制御された暴走
「…連れて行け」
「はっ」
男達はそのまま、ハイーラ達を別室へと連れて行こうとしている。
何で。
何で。
ハイーラが。マールが。
一体何をしたというのか。
「まさか淫魔がいるとはな…」
「身ぐるみ剥がして…お楽しみといこうか…」
男達の中にある、醜い欲望が、ボンヤリとではあるが伝わってくる。少なくとも、まともに扱う気がないことだけは、分かってしまう。
やめて。
…やめてよ。
その手を、放して。
傷付けないで。
放して。
その手をーーー
「放してよッ!!」
もう、限界だった。
その叫びと共に、ペルセの魔力が、大きく外へ漏れ出した。
ハイーラの家の中で、ペルセの放つ白色の魔力の渦が、ペルセを取り囲んでいる。
周りが何か言っている。驚いたようにざわついていた。しかし、ペルセの頭の中に浮かんでいたのは、鍛錬しているときのアモディエナの声だった。
『いいか、ペルセ。お前の魔力は、アスティアノを崩壊させかねない。原則、その魔力を鍛錬以外では出すな』
アモディエナはあの時、眼鏡に手を添えながら、そう言っていた気がする。だが、そこに付け加え、もうひと言あった。
『だが、お前やお前の大切なものが危機に晒された場合は別だ。思う存分放って、守れ』
その言葉が、ペルセの頭の中に響く。
ーーーまさに、今がその時だ。
ペルセはせめて周りに被害を出さないために、白い魔力を部屋の外へ漏れないよう制御する。
何とか、イアノやハイーラ達が浴びないように向きを変える。鍛錬で試したことはあったが、実際に一人でやったのは初めてだった。
「これ、って…!?」
「あの時の〜…アンドレイスと戦った時のだね〜…」
ハイーラとマールが、こちらを唖然とした様子で見ている。もしかして、前にも見たことがあるのか。ペルセにその記憶はなかった。
「なんだ…力が、抜ける…!?」
「魔力が、出せない…!?」
男達が口々に声をあげている。
アモディエナの言っていた通りだ。自分の魔力は、アスティアノの魔力を完全に封じ込めている。
「…デメナ様より鍛錬の成果は聞いておりましたが…これほどにまで技術が向上しているとは…!!」
隣りにいるイアノも、驚きの声を出している。
隠していたわけでもないが、イアノに鍛錬の成果を見せるのも大分久し振りな気がする。
いつもなら、褒められて胸を張るところだ。だが、そんなことを言ってる場合ではない。
ペルセは、ハイーラ達を連れて行こうとした男達へと目を向ける。
「ハイーラさんを…マールさんを…!!」
ペルセは腕を振りかぶる。その動きに合わせ、白い魔力が大きな拳を形作る。
直接的にぶつけてもよいが、それでは魔力が外に漏れる。少し手間はかかるが、この作った拳で殴る方がよいと思った。

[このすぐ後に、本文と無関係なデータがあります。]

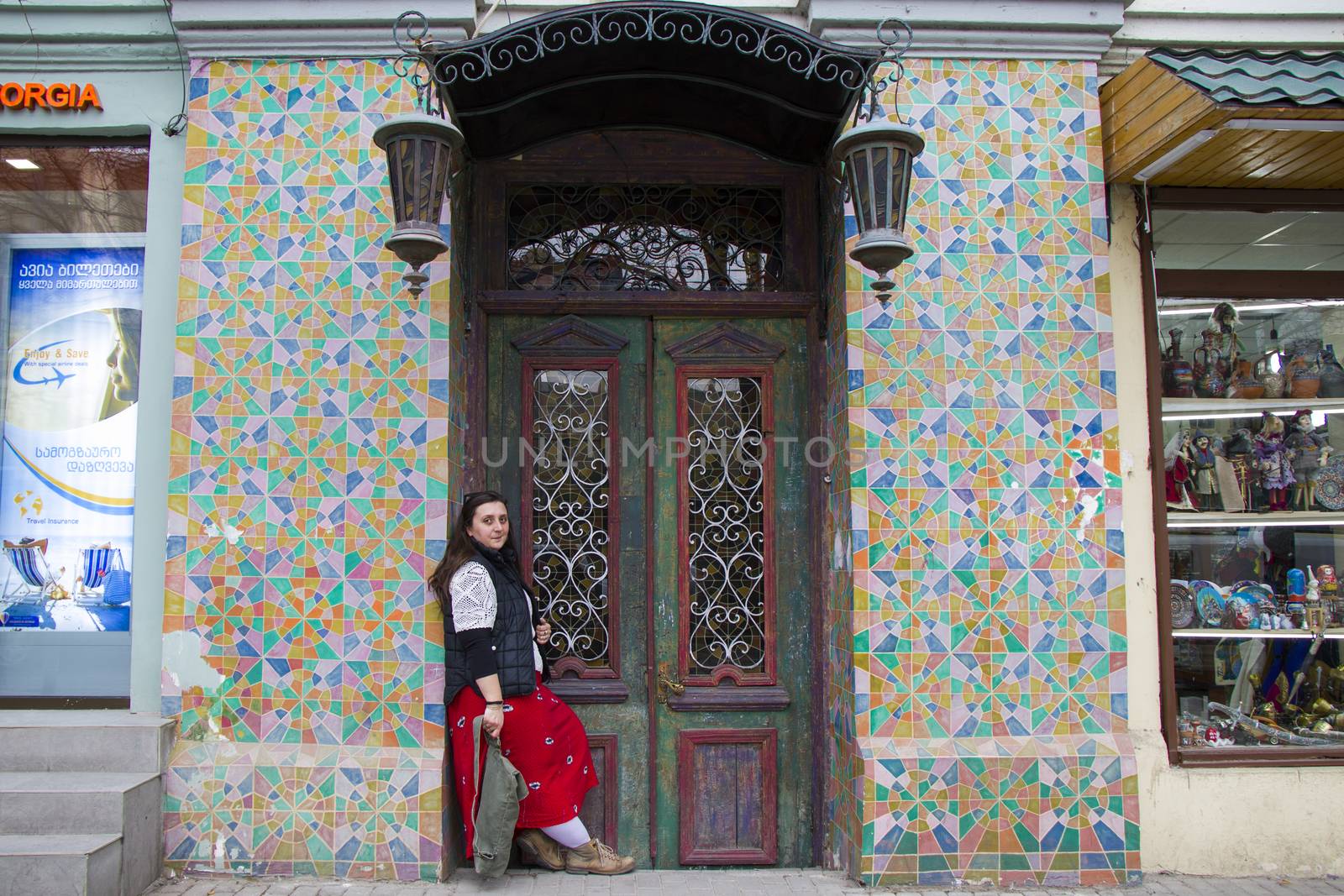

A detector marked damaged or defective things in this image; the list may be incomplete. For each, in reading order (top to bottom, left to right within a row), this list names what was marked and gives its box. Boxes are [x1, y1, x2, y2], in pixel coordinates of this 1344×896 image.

「すごい…ペルセちゃん、ここまであの暴走魔力を自分のものに…!!」
ハイーラも感嘆の声をあげている。だが、ペルセの耳には届かない。
男達は、何が起きてるか分からないままで、こちらを見てきた。
「二人を…放せぇ…ッ!!」
「なぁっ…!?」
ペルセはそのまま、魔力の拳を力任せに振るい抜き、男達へとぶつける。
重い音が、家の中に響く。家の床が、大きく割れる音がした。
それと同時に、ペルセは膝をついた。
魔力が、一気に霧散し、放出が止まってしまう。
ーーー疲れた。
もう、限界だ。
こんなに制御を維持することが大変だとは、思わなかった。もう、今はあんな真似をすることはできない。
だが、ペルセは疲労した体を、無理やり動かす。二人の体温を、ペルセの体が求めていた。
「ハイーラさん…マールさん…!!」
フラフラになりながら、ペルセは二人のもとへと近付いた。
そして、縛られている二人へ抱き着いた。
「私…私、頑張ったよ…」
すでに、息が荒い。肩で息をしている自覚もある。
それでも二人を助けられたなら、それでいい。
ペルセは、二人に笑顔を向けた。
「ペルセ、ちゃん…!!ありがとう…助かったわ…!」
「助かったよ〜」
手が縛られているため、抱擁はできない。しかし、ハイーラもマールも、そんなペルセの頬へ、頬ずりをしてくる。
血が滲んでいて、感触が少し気持ち悪い。でも、この上なく温かかった。